But during peak silage cutting season, he sometimes doesn't finish until well after 10pm.

On the beef side of the farm there is an Aberdeen Angus herd which are finished in the sheds around April and sold at 30 months to local factories. "The females are profitable but the males not so much," he says.

He doesn't believe this is going to be a great year for the farmers around the Ox Mountains.

"The dairy and beef prices are down. The milk price of 23c/l which I am getting is hard to believe. You would need to be at 33c/l to break even. Farmers can't survive these days without the farm payment," he says.

Quentin believes that cutting production in both beef and milk is the most likely measure to yield better prices of any of the mooted EU intervention proposals.

He qualified as a mechanic when he finished his Leaving Cert and worked for 10 years with a local dealer before returning to the family farm of his parents Eddie and Eileen.

The mechanics' experience helped him develop his business in the farm building sector.


He is quite proud of the four shed complex he built to house some 500 ewes belonging to a local sheep farmer over two months last winter. Although it took up most of his construction roster for the year, he says it was a great job.

Quentin readily accepts that without the salary from his wife's professional career the development of the enterprise could not have taken place, particularly in the current economic climate.

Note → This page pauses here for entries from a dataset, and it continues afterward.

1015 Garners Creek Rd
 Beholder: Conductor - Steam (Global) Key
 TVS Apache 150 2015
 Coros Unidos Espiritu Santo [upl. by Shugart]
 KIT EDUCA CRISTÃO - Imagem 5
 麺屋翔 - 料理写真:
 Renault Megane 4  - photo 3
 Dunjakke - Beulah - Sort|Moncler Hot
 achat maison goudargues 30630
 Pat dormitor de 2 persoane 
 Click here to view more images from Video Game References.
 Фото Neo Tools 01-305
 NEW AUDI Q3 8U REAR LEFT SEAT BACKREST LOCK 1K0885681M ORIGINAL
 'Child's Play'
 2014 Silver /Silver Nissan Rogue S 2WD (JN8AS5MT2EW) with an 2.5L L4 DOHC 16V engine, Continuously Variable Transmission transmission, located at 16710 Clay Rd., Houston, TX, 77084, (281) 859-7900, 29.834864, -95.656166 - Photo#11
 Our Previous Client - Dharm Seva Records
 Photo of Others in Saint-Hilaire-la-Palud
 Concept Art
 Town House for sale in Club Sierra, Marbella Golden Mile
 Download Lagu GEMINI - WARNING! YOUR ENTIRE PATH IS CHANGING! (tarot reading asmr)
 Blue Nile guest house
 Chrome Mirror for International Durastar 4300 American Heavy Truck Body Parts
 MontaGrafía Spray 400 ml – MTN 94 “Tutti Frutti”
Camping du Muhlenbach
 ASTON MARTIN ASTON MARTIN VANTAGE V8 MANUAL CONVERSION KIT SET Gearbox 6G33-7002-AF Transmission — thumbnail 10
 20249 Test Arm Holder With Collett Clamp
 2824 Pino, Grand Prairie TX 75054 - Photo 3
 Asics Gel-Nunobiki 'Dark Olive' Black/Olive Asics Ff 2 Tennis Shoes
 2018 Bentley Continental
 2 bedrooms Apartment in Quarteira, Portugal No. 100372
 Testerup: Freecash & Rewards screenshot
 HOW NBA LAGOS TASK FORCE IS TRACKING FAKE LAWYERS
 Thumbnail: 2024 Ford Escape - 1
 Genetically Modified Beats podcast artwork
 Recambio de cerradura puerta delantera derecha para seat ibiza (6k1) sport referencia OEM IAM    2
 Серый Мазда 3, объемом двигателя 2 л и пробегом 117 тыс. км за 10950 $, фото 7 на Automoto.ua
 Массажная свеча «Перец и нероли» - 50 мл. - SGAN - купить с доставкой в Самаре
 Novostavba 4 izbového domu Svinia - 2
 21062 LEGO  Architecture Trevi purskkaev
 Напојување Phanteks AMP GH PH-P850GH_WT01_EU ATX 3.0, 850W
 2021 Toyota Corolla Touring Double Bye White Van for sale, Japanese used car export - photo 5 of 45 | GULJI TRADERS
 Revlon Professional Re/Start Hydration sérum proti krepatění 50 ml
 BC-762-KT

The Hartes have four children, three boys and one girl, who Quentin says thoroughly enjoy the farming way of life and the freedom which comes with it.

The family have a healthy interest in most sports although Quentin is too busy himself for hobbies: 'Where would I get the time?" he asks.

But he does like the family holidays and the Harte' are currently organising a four day trip to the capital to visit old reliables like Dublin Zoo and Tayto Park.